Com efeito, tal como se decidiu na decisão do CAAD do processo n.º 114/2018-T, decorre da jurisprudência indicada que a não comunicação dos sujeitos passivos da mudança de domicílio para o prédio relativamente ao qual pediram a exclusão para reinvestimento, por si só, não indicia que não têm habitação própria e permanente nesse prédio, e a morada pode demonstrar-se através de “factos justificativos” de que o sujeito passivo fixou no prédio o centro da sua vida pessoal.

Assim, não sendo o imóvel alienado o domicílio fiscal dos Requerente, não fica precludido o direito a apresentar prova alternativa da morada própria e permanente no imóvel alienado.

Como resulta da matéria de facto provada, os Requerentes lograram provar que, até à data da alienação do imóvel, moravam no Lugar de ..., freguesia de ..., concelho de Braga.

Considerando que os Requerentes fizeram prova de que residiam no imóvel alienado e que a AT não apresentou prova em contrário, conclui-se que deve ser procedente o presente pedido arbitral.

Assim, deve ser considerado o reinvestimento do valor de realização declarado pelos Requerentes no anexo G da modelo 3 de IRS de 2017.

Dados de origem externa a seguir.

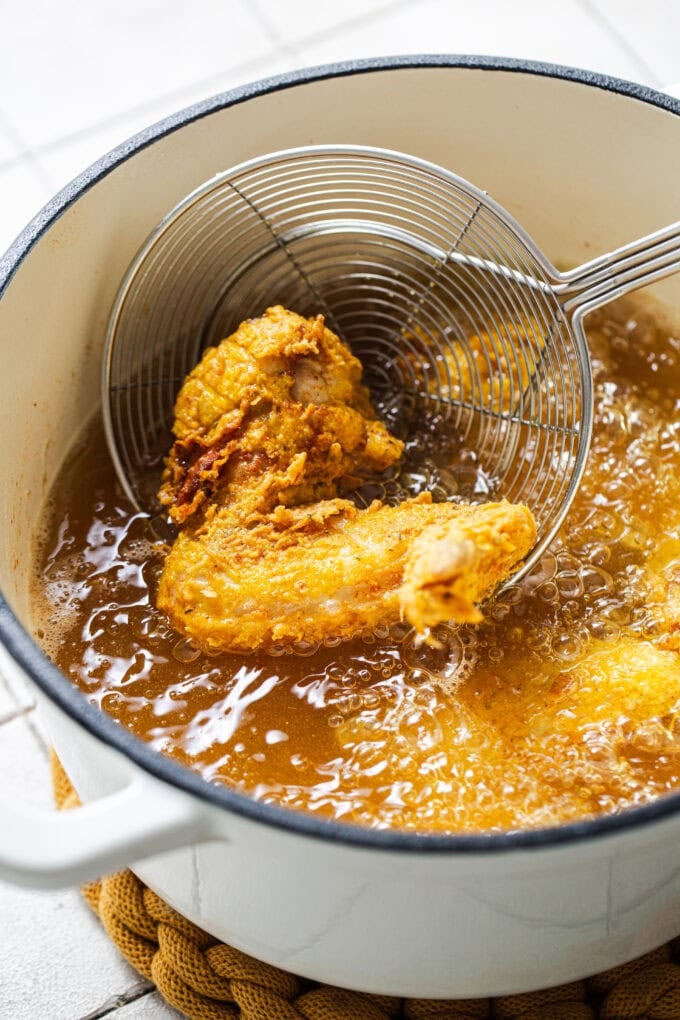 fried chicken wing in pot of hot oil cooking with strainer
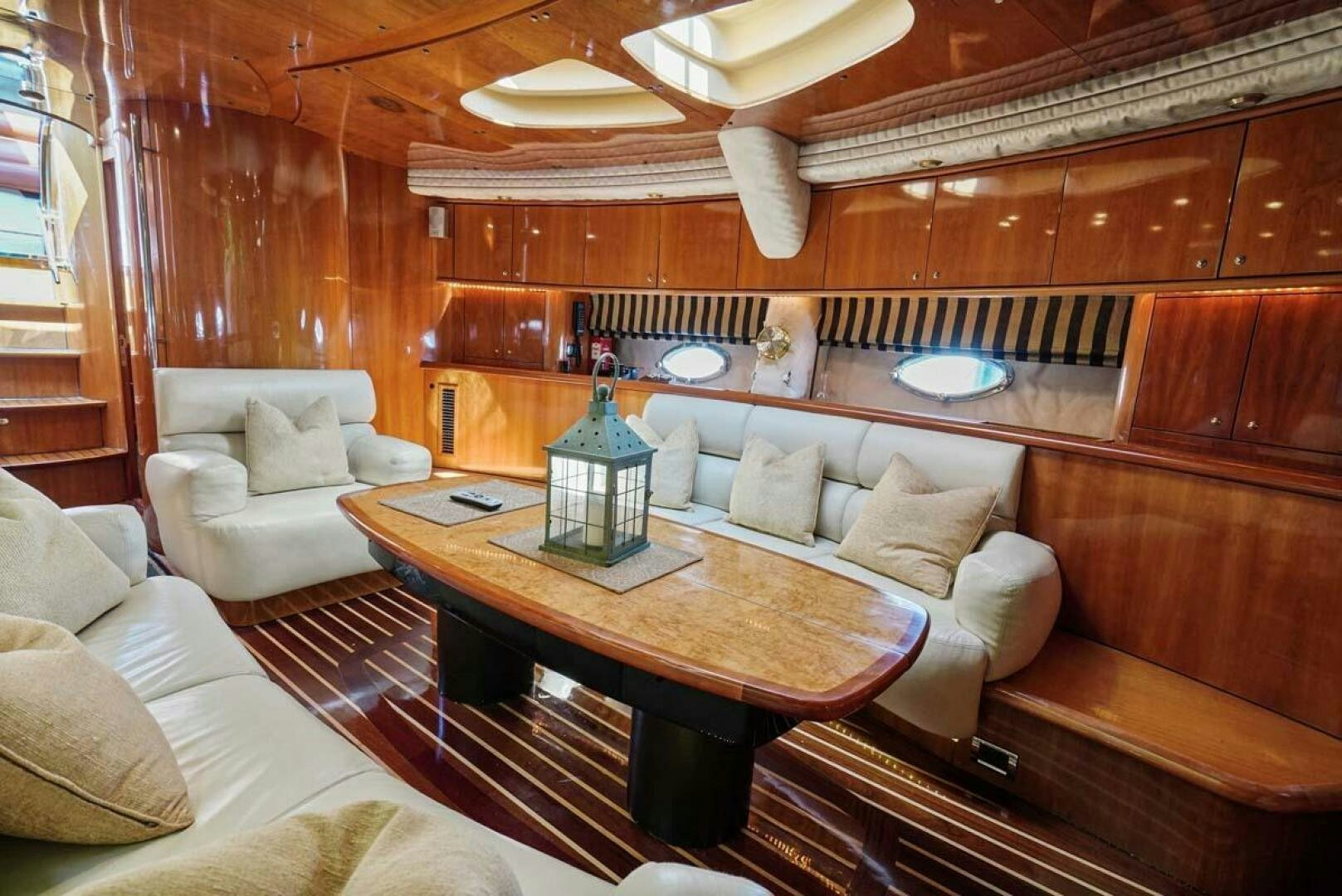 a room with a table and couches aboard OBSESSION Yacht for Sale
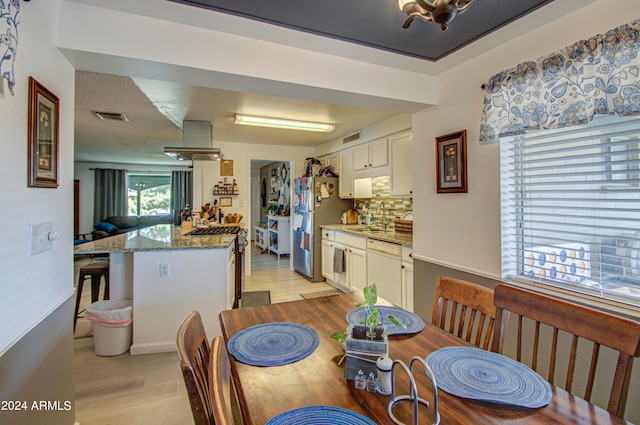 dining space with sink and light wood-type flooring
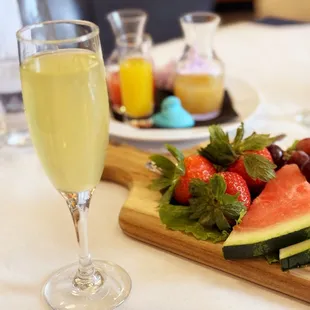 a plate of fruit and a glass of wine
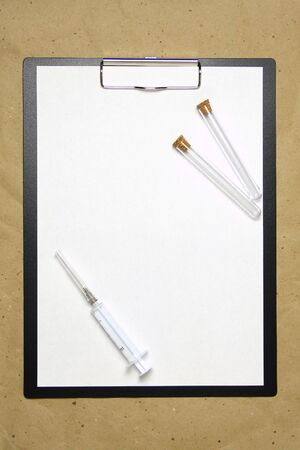 The tablet with a clip for the clip of paper with a white sheet a4 lies against the background of craft brown crumpled paper. On top is a medical syringe and two transparent empty tubes with stoppers. Place for text and layout for design.の写真素材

Conclui-se assim que a liquidação de IRS impugnada enferma de vício de violação da lei, devendo ser anulada.

 

5. Decisão

Em face do exposto, determina-se:

a)            Julgar procedente o pedido formulado pelos Requerentes no presente processo arbitral, quanto à liquidação de IRS º 2019..., no valor de 13.019,24 €, do ano de 2017;

b)           Condenar a Requerida no pagamento das custas do presente processo.

 

6. Valor do processo:

De acordo com o disposto no artigo 306º, n.º 2, do CPC e 97º-A, n.º 1, alínea a) do CPPT e 3º, n.º 2 do Regulamento de Custas nos Processos de Arbitragem Tributária fixa-se o valor da ação em 13.019,24€.

 

7. Custas:

Nos termos do artigo 22º, n.º 4, do RJAT, e da Tabela I anexa ao Regulamento das Custas nos Processos de Arbitragem Tributária, fixa-se o montante das custas em 918,00 €, a cargo da Requerida, de acordo com o artigo 22º n.º 4 do RJAT.

 

Notifique.

Lisboa, 22 de janeiro de 2020.

 

Texto elaborado por computador, nos termos do artigo 138º, n.º 5 do Código do Processo Civil (CPC), aplicável por remissão do artigo 29º, n.º 1, alínea e) do Regime de Arbitragem Tributária, por mim revisto.